Pourquoi j’ai écrit ce livre :
Judas est une énigme, non seulement d’un point de vue historique - pourquoi livrer à la mort un ami qui ne vous veut que du bien ? - mais aussi parce qu’il est le miroir de l’énigme que nous sommes à nous-mêmes : pourquoi faisons-nous le mal que nous ne voulons pas, et non le bien que nous voulons ? Qui ne voudrait en savoir plus, mieux comprendre…. Pourtant, si la littérature s’est emparée de la figure, au risque de construire des interprétations qui n’ont aucun fondement dans les évangiles, l’Église catholique, elle, parle très rarement de Judas.

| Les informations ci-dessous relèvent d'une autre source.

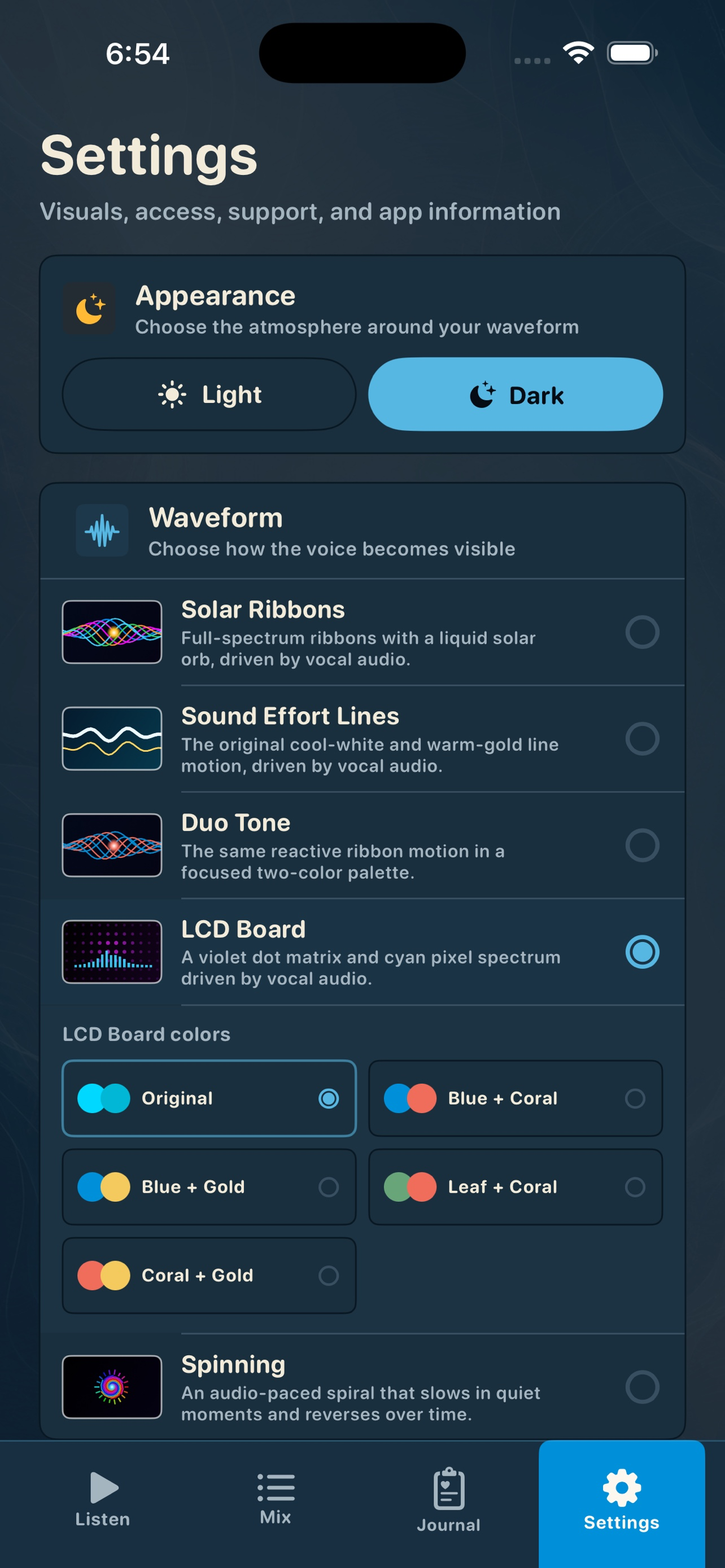 Brain Shift waveform styles: five visualizers including LCD Board, Duo Tone, and Spinning.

J’ai donc mené l’enquête, d’abord dans les Écritures, puis dans les errements d’une histoire de l’Église qui a précisément fondé son antijudaïsme sur Judas. Ensuite, j’ai cherché les mobiles du crime. Que voulait Judas ? De l’argent ? Un Dieu omnipotent qui bouterait hors d’Israël les occupants romains ? Est-ce la déception qui l’a poussé à comploter avec les chefs juifs ? Est-ce une conception plus cultuelle de la religion ? Enfin, au détour de mon enquête, l’envers du texte m’est apparu aussi important à connaître. L’enquête s’est poursuivie…. Mais que le lecteur se rassure, j’ai écrit un livre court. Et je l’espère, utile.
Extrait :
Ainsi Judas aura été le héraut qui sonne l’entrée dans la Passion, non seulement parce qu’il la déclenche, mais aussi parce qu’il en aura fait vivre à Jésus les prémisses, à travers l’épreuve de la fraternité que ces deux êtres s’infligent l’un à l’autre. Avant de sauver le monde par sa mort, Jésus doit admettre qu’il ne sauvera pas Judas, ni en ce monde ni dans l’estime des lecteurs de tous les temps. Ce renoncement est une sorte de Pré-Passion. Tandis que Lazare lui aura fait deviner la corruption du corps - « Il sent déjà » disait Marthe en conduisant Jésus près du corps de son frère*, Judas aura, par son refus de suivre Jésus, donné à voir le néant psychique dans lequel il se débattait.
La désespérance, comme impuissance devant l’autre et comme miroir de soi est une épreuve proprement insoutenable. De même qu’elle a défié Jésus dans sa mission de salut, elle renvoie chacun de nous à l’incapacité de la changer en son contraire, l’espérance, le dynamisme joyeux de la vie, et à notre éventuelle expérience d’avoir soi-même désespéré. Nombreux sont ceux qui ont un jour constaté qu’ils étaient incapables d’aimer, et même de choisir la vie. (…) Á cette tragédie ordinaire, les évangiles n’apportent aucune solution toute faite. De même que le mystère pascal renvoie à tout ce qui précède dans les évangiles, de même le « cas Judas » renvoie, pour endiguer le flot du désespoir, à toute l’action antérieure de Jésus ou à la nôtre. Un « petit reste » de désespérance échappe toujours : c’est Judas l’inconsolable de ne pas savoir aimer.
Il faut rendre hommage à l’honnêteté des évangélistes de ne pas avoir fait disparaître le gouffre devant lequel est Judas, au bénéfice d’un consensus facile. Mais il faut aussi imaginer que derrière la tendance actuelle à réhabiliter Judas, il y a une société laïcisée qui questionne le christianisme sur la réalité du salut qu’il propose : ce salut atteint-il Judas, quand tout semble attester du contraire ?
*Jean 11, 39.
Éd. Albin Michel, parution 1er Mars 2018
Anne Soupa, bibliste et écrivain, est aussi présidente du Comité de la Jupe et de la Conférence catholique des baptisé-e-s francophones. En 2017, elle a publié Le jour où Luther a dit non, chez Salvator, et auparavant L’Ange de la force, chez Bayard.